An eerie feeling wrapped its arm around him. In order to shake the embrace Simon decided to take over the front desk until his co-worker returned. He was less than eager to re-enter the stacks and retrieve his cart of books.

When he reached the front desk he approached the computer and poked the space bar to wake the screen from sleep mode. It flashed on and he moved his hands to the key board to sign into the library’s program. But someone was already signed in. He looked towards the top right of the screen, checking to see if Diane had neglected to log off. Her name was not the one in the staff menu. It was a different name.

Simon.

The revolution of his thoughts quickened. He thought back to when he’d entered work not an hour earlier. There was no way he signed then. And Diane would never use his account even if she could have figured out his password. Simon’s confusion turned over into panic when he looked at the search results on screen.

Daniken, Eric Von

Chariots of the Gods

Checked out

“Hey, Diane,” Simon shouted, “was this you? C’mon you know I don’t like being messed with.” It was not like Diane to play with him, especially since she knew how much the “experience” had affected him.

Simon felt someone approach the desk and was relieved to no longer be alone.

“I apologize if I was disruptive just now, sir,” said Simon, “I believe one of my co-workers may have just played a prank on me. Now, what can I do for you?”

“Oh it was no joke, and it was not your co-worker,” said the man in the black hoodie.

“Sir,” Simon responded, his feeling of relief dissipating into a fog of fear, “Are you implying you had something to do with this?”

“Your name is Simon, right?”

“That’s what my staff username is. Now tell me how you knew that.”

“You’re co-worker told me. What kind of books do you like to read, Simon?”

Simon could tell the man was lying. It would have been easy enough for the guy to discover his name, seeing as how he wore a name badge. But he could not have known it was Simon’s username too and Diane would never have told him that. Though the strange man set him on edge, Simon decided to play it cool. Worst come to worst the police station was only two blocks over and the phone was right next to the computer.

“Sir, I hardly think the type of books I read is any of your business. Neither is my username or password so tell me where you found them and what you think you’re doing.”

“Ever read a book like this one,” the man said, holding up a copy of Chariots of the Gods. Simon must have left it behind in the stacks.

“How did you,” Simon felt himself becoming visibly shaken, “Was that kid your son or something?”

“Tell me, Simon, have you ever heard voices in your head? Have you ever talked to them? Don’t be embarrassed, I do.”

Simon almost broke down and ran. Was this man responsible for the voice that had contacted him seven months ago? There was no possible way he could have known about the experience otherwise. Simon had been half hoping the voice would reveal itself again. Was this it? Did this man have the answers that had been promised?

Simon forced himself to slow down. Looking at the man, Simon knew there was something off about him besides his general creepiness. His tone, his presence, both felt wrong.

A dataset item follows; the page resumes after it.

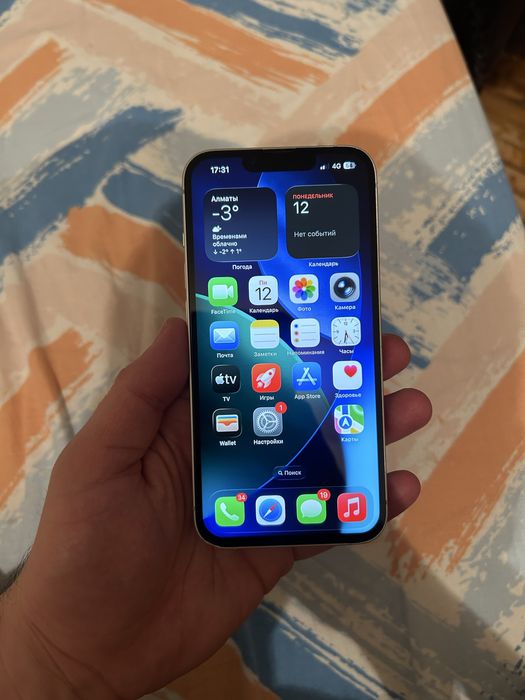 Iphone 13 128gb айфон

The voice’s feeling was lighter, and its presence much more soothing. Whatever this man carried with him was heavy, damp, and frightening. Like Simon’s room had felt before the voice visited him.

“Sir, if you do not produce your library card or a form of identification I have the right to throw you off the property and call the police,” Simon said, recovering a bit of his confidence.

“Where do you live Simon? I’d like to stop in sometime. Could I do that?”

Simon grabbed the phone and began punching in numbers. He took the time to enter the four extra digits required to reach the local police station. The cops would send someone running over the second they received the call. Before he finished dialing, Diane broke the silence of the library.

“Simon, get out of my spot. Are you trying to steal my job again? Trust me, the pay is the same as yours,” Diane said, “Hey, who are calling?”

Simons lifted his head to see people emerging from the aisles and returning to the reading tables. The man was gone.